# Speed-up calculation of Area of Polygons

I have a complicated polygon in the 2d plane, that is an RegionIntersection of RegionUnion of triangles.

Finally, I want to calculate it's Area. Unfortunatly, the Area is really slow. I am not sure why, but presumably because it calculates the result analytically.

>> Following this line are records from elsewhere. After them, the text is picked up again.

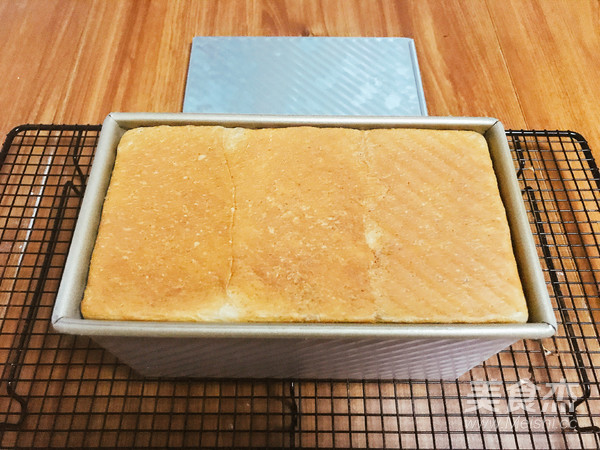 全麦葡萄干吐司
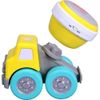cumpără Mașină Bburago 16-89032 Mașina pentru beton Drive'N Rock, 49788 în Chișinău 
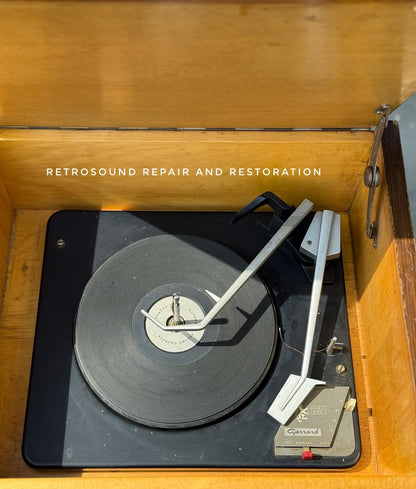 Grundig Majestic ($2,100.00 USD)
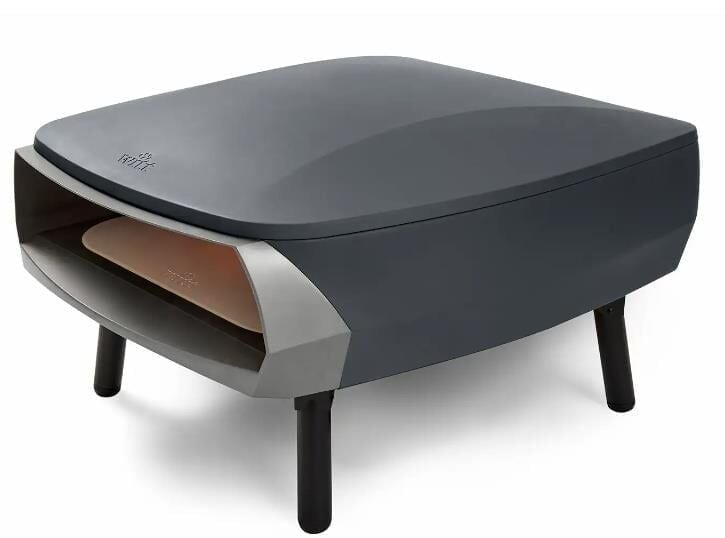 Wıtt 80650015 Fermo Pizza Fırını Mat Grafit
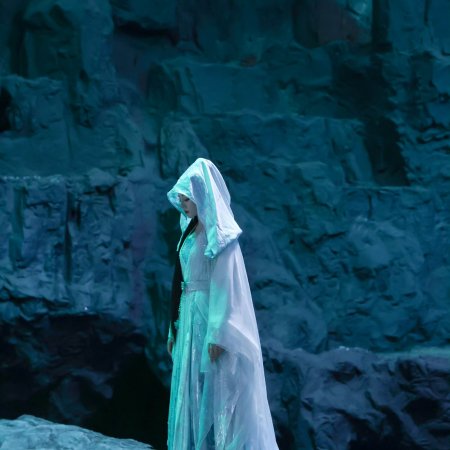 Love beyond the Grave (2026)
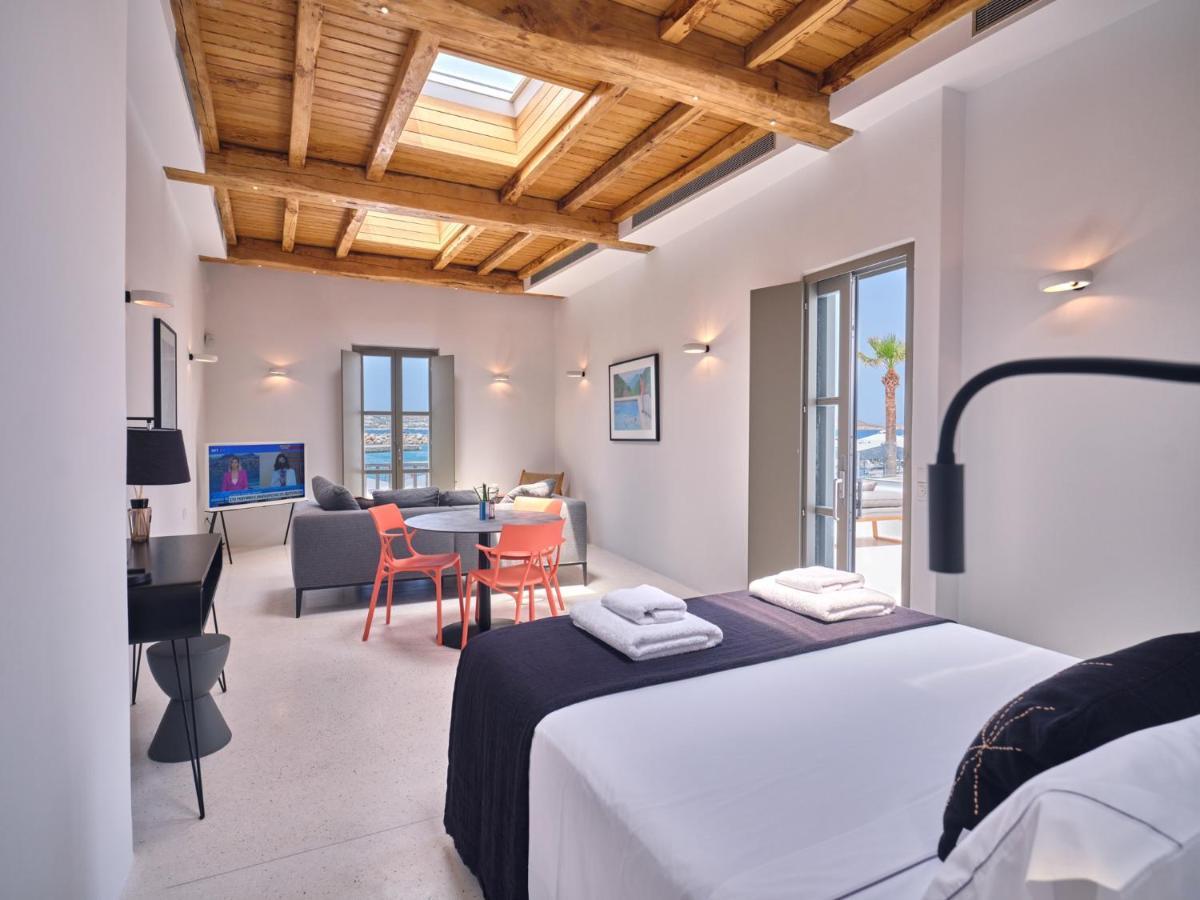 Karino Apartment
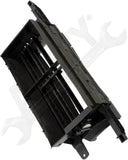 APDTY 161821 Radiator Active Grille Shutter w/ Actuator Motor (Lower)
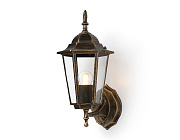 Светильник архитектурный Ambrella Garden ST2012 40Вт IP54 E27 золотой/прозрачный/чёрный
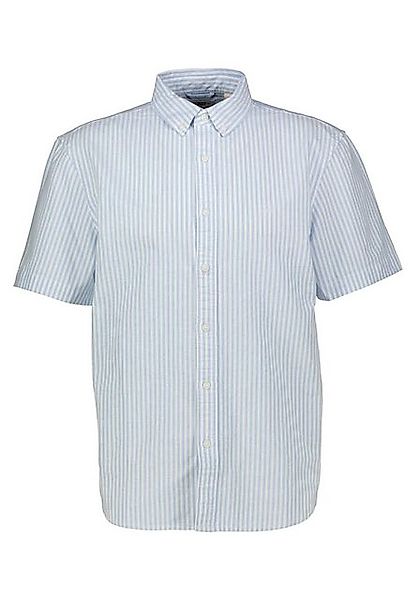 Levi's® Langarmhemd Herren Hemd SS AUTHENTIC WAYLO Relaxed Fit (1-tlg) günstig online kaufen
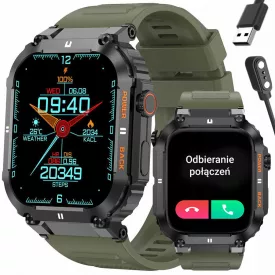 Gravity férfi okosóra GT6-6 (sg020f)
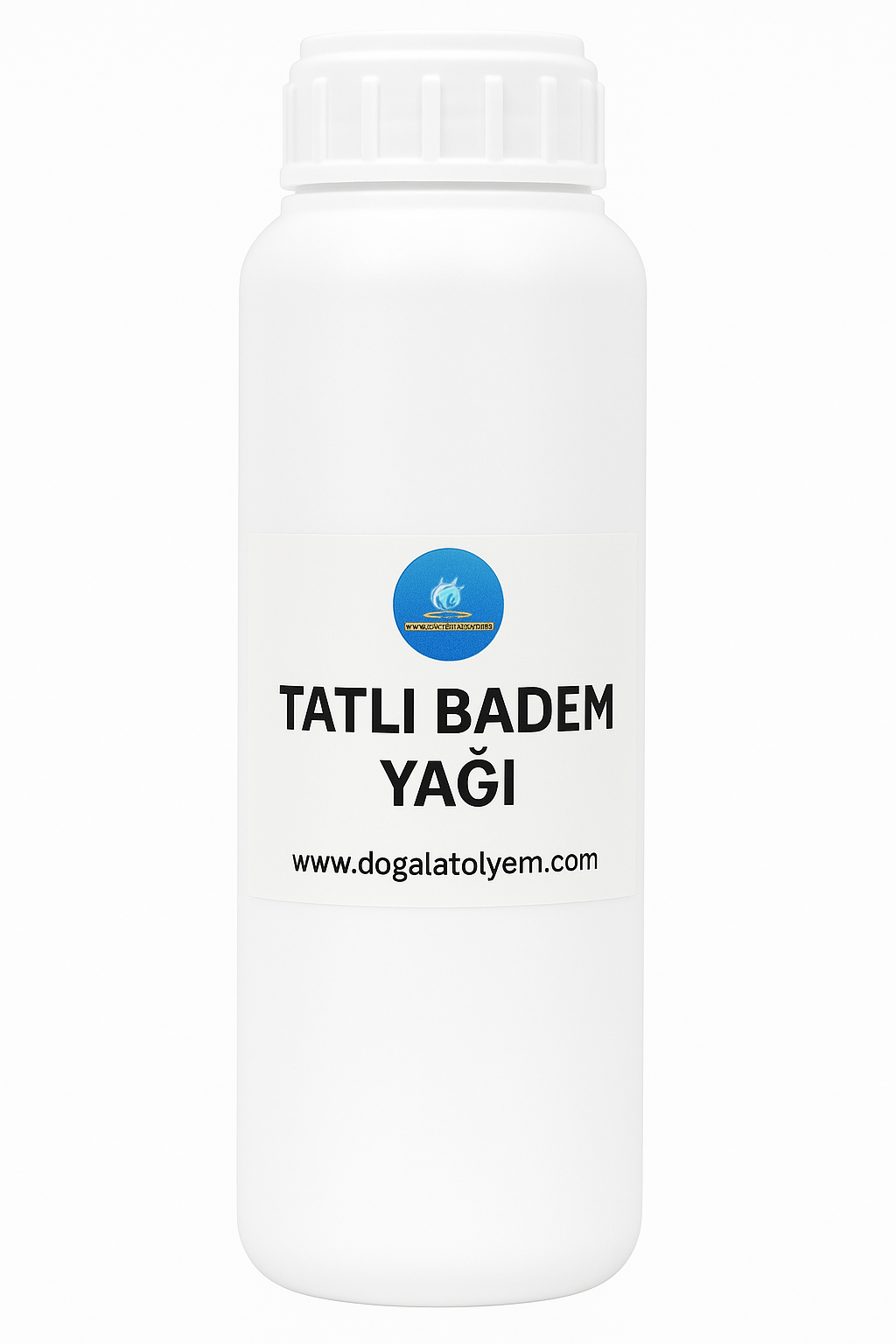 Tatlı Badem Yağı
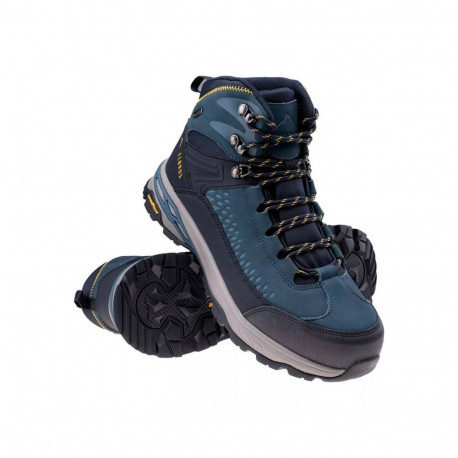 Elbrus Engin Mid WP Gr M shoes 92800555453 (43)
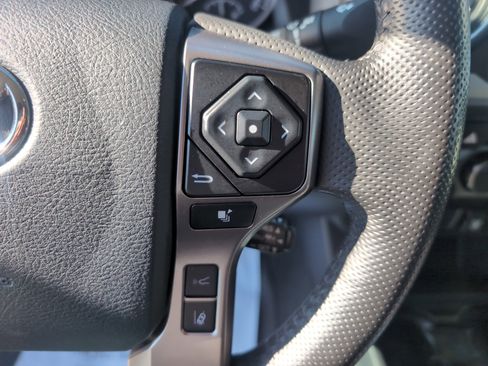 Certified 2023 Toyota Tacoma SR5 image 20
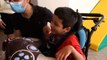 Students develop gaming controller for 8-year-old with cerebral palsy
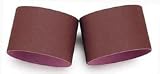 Master Grade FS-304F Fine Sharpening Wheel for MG-5000, 4500, and 1000 - 4 Pairs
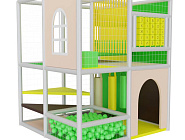 Детский игровой лабиринт Игра Фото 2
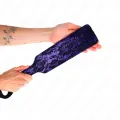Scandal Design Lederpalette 37 X 7 cm von Kink Impact & Touch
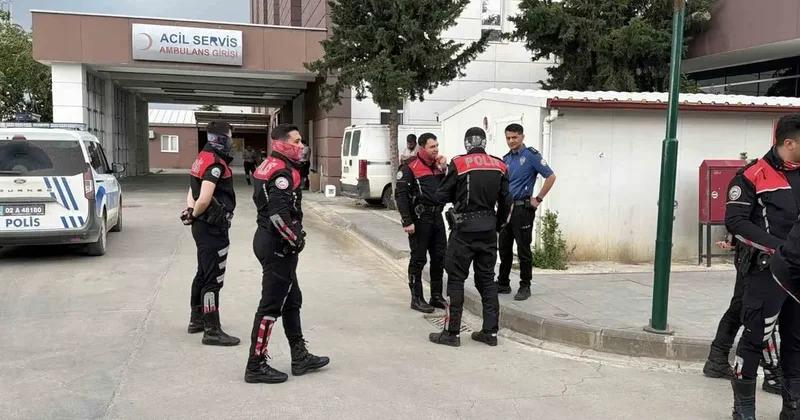 Adıyaman’da sopalı, baltalı arazi kavgası: 15 yaralı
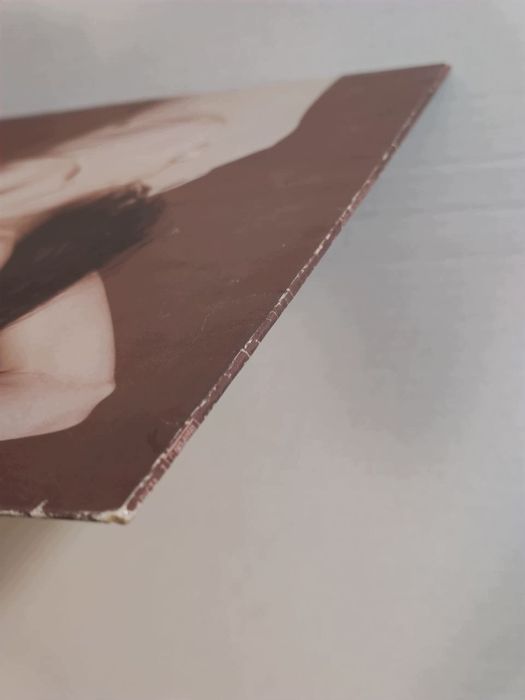 Patti Smith Group – Easter. Arista. VG+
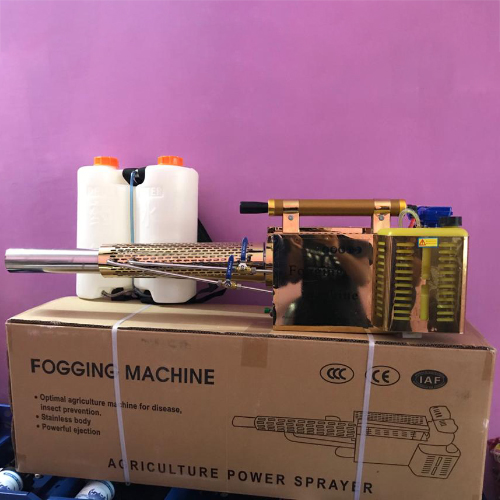 Thermal Fogging Machine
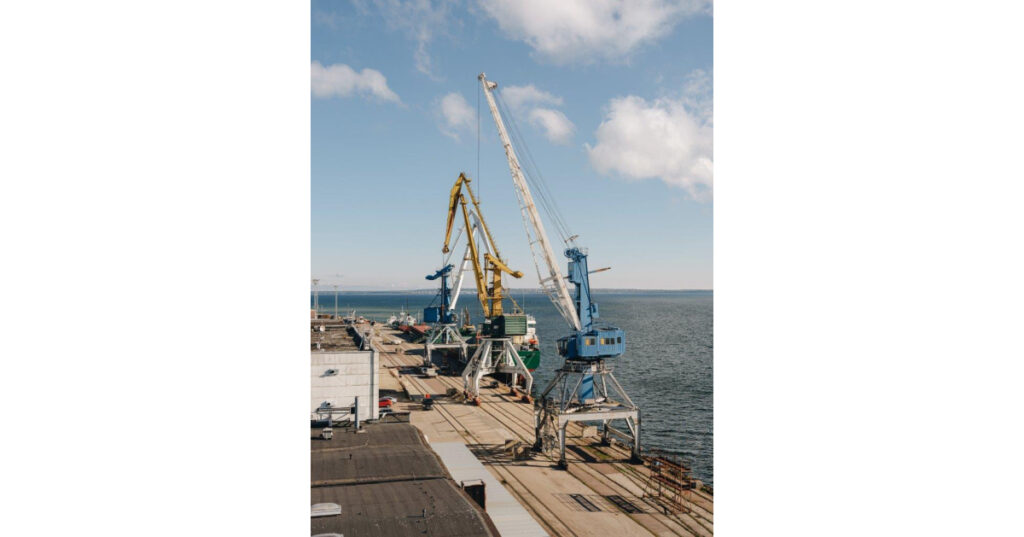 From Closed Port to a New Urban District: Estonia’s Hundipea Project Releases a Free Playbook on Building a Neighbourhood From Closed Port to a New Urban District: Estonia’s Hundipea Project Releases a Free Playbook on Building a Neighbourhood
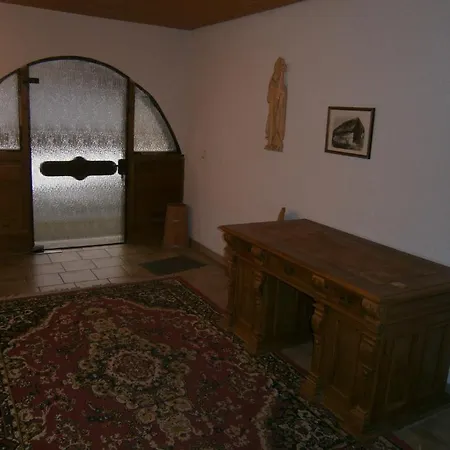 Landgasthof Berghof * Triberg im Schwarzwald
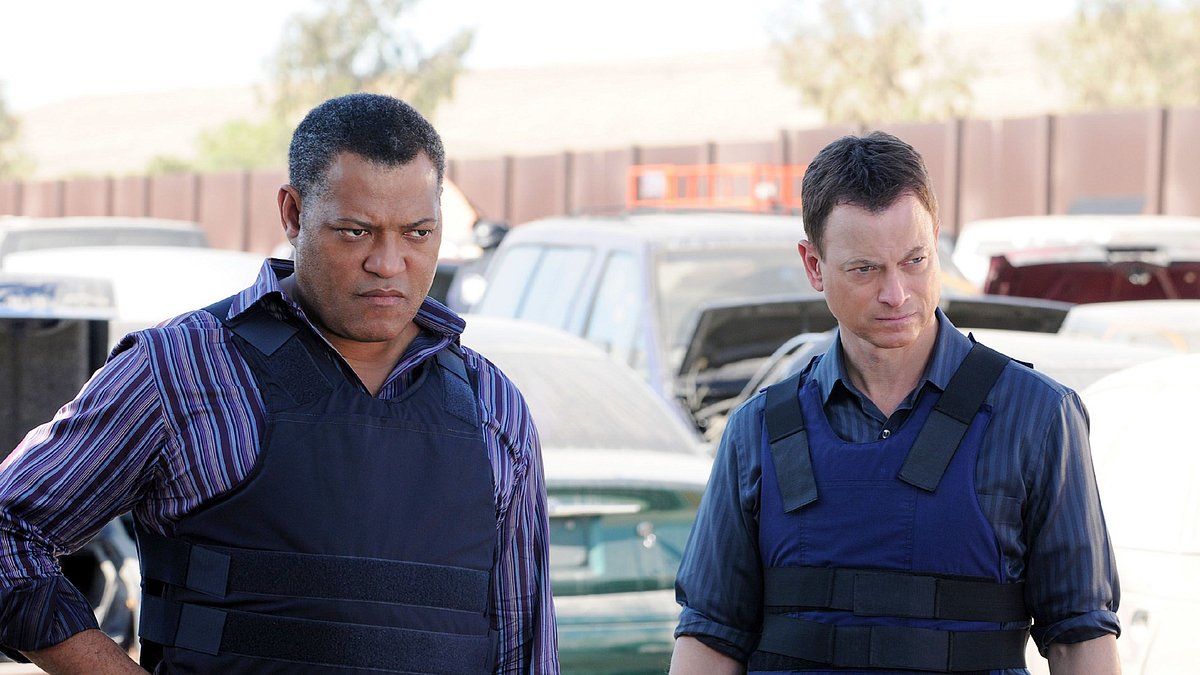csi: ny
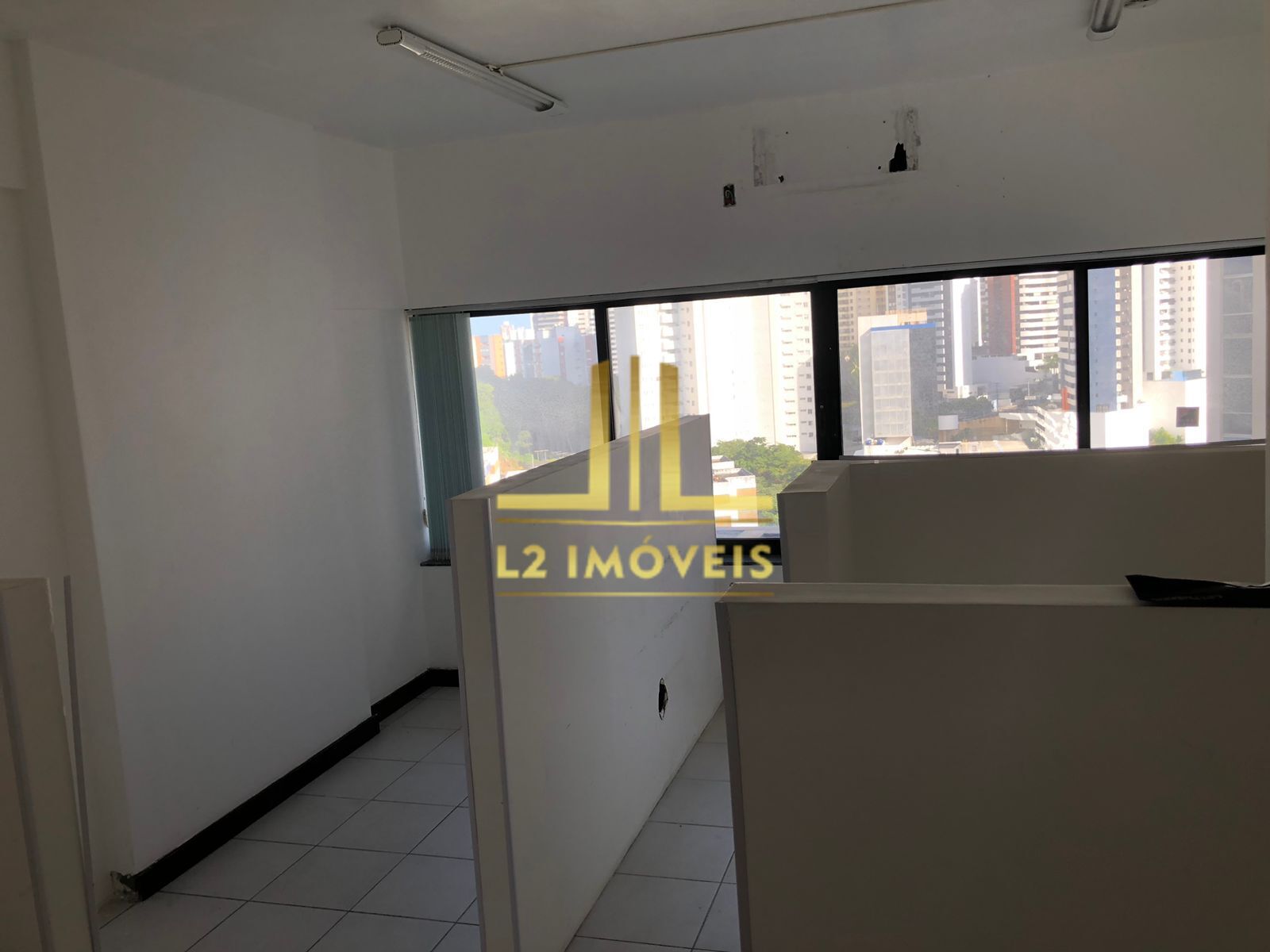 Conjunto Comercial-Sala à venda, 26m² - Foto 2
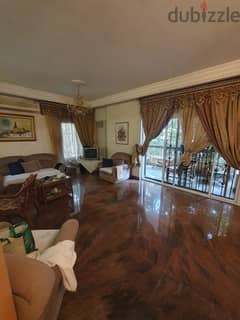 apartment for sale in 200m  masr elgdida fully finished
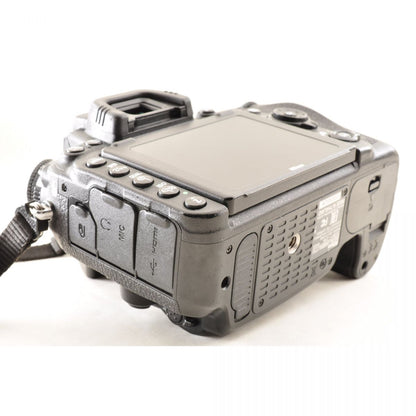 【中古】Nikon D750 24.3MP 一眼レフ デジタルカメラ デジタルカメラ ニコン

I have an example that represents the shapes I am dealing with:

TotalTime = 0;
For[cc = 1, cc <= 50, cc++,
(* Reconstructing roughly the shapes I am using *)
BoundIntersect = RegionIntersection[
RegionDifference[Triangle[RandomReal[{-0.2, 0.2}, {3, 2}]],
Polygon[RandomReal[{-0.2, 0.2}, {3, 2}]]],
RegionUnion[Triangle[RandomReal[{-0.2, 0.2}, {3, 2}]],
Triangle[RandomReal[{-0.2, 0.2}, {3, 2}]],
Triangle[RandomReal[{-0.2, 0.2}, {3, 2}]],
Triangle[RandomReal[{-0.2, 0.2}, {3, 2}]],
Triangle[RandomReal[{-0.2, 0.2}, {3, 2}]]]];

CurrentTime = AbsoluteTime[];
BoundaryIntersectRatio = Area[BoundIntersect];
TotalTime += (AbsoluteTime[] - CurrentTime);
];
Print["Total Time: " <> ToString[TotalTime] <> " sec."];

Can you speed it up? In particular, error-ratios in the order of $$10^{-4}$$ are tolerable.

Update (25.12.2019):

A fair comparison (100 iterations with same polygons for each method):

1. Henrik Schumacher's method using undocumented GraphicsPolygonUtils function: 0.75005 sec.
2. Alx's suggestion using BoundaryDiscretizeRegion: 5.03149 sec.
3. My original method: 24.50163 sec.

Result: Speedup of >factor 30! And learned about undocumented function that i can use all over my code. Fantastic, thank you!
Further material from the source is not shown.